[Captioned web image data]
━━━━━━━━━━━━━━━━━━━━
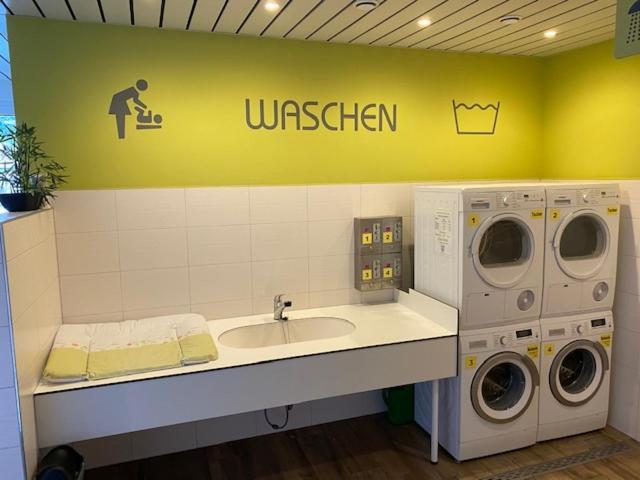 Rhein-Camping Waldshut Экстерьер фото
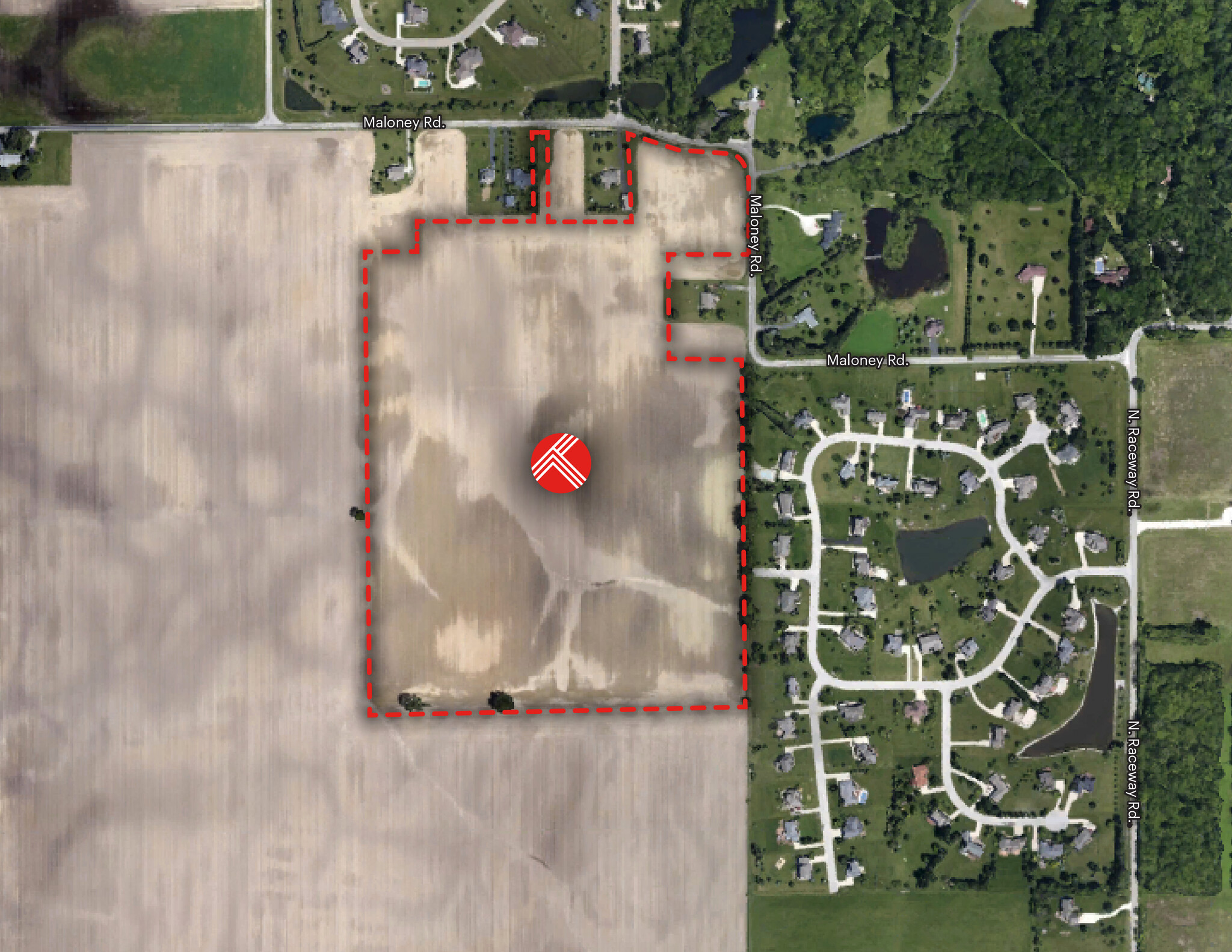 Brownsburg Land, Brownsburg, IN for sale Building Photo- Image 1 of 3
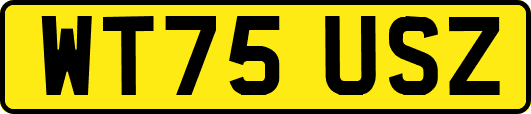WT75USZ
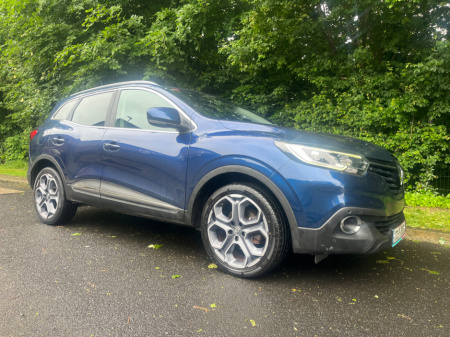 2017 Renault Kadjar 1.2 TCe 130 ENERGY Expression+ €9,950
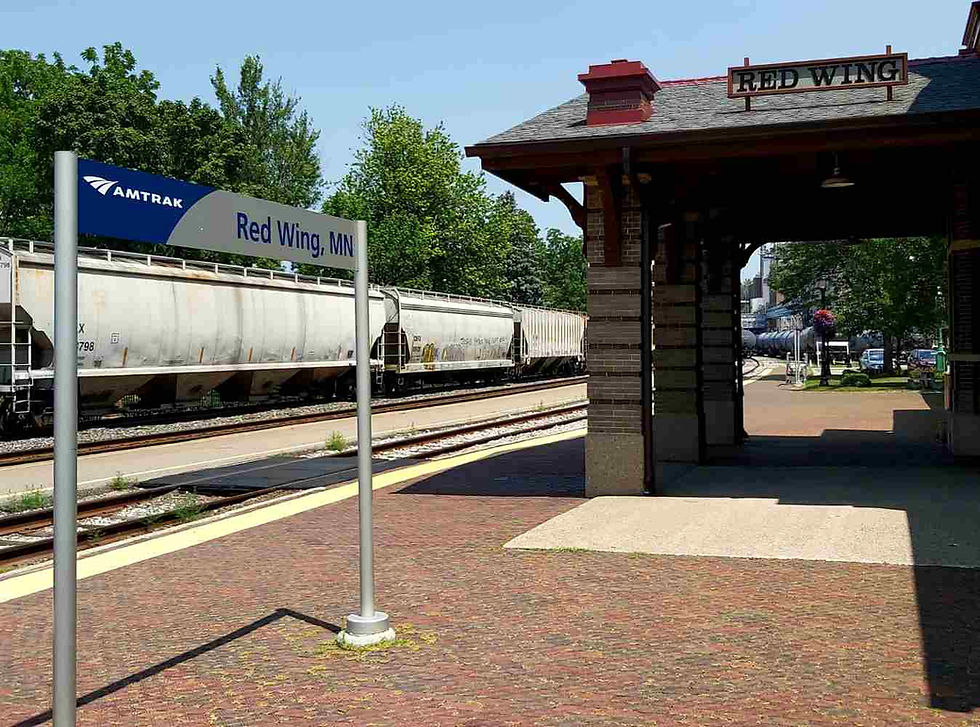 Diamond Jubilee:  Red Wing, Minnesota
━━━━━━━━━━━━━━━━━━━━
Copy the final stretch of lines, starting at the one that holds "Brownsburg Land, Brownsburg, IN" and ending at the last line of the data, exactly; omit pictures.

» Response below:
 Brownsburg Land, Brownsburg, IN for sale Building Photo- Image 1 of 3
WT75USZ
 2017 Renault Kadjar 1.2 TCe 130 ENERGY Expression+ €9,950
 Diamond Jubilee:  Red Wing, Minnesota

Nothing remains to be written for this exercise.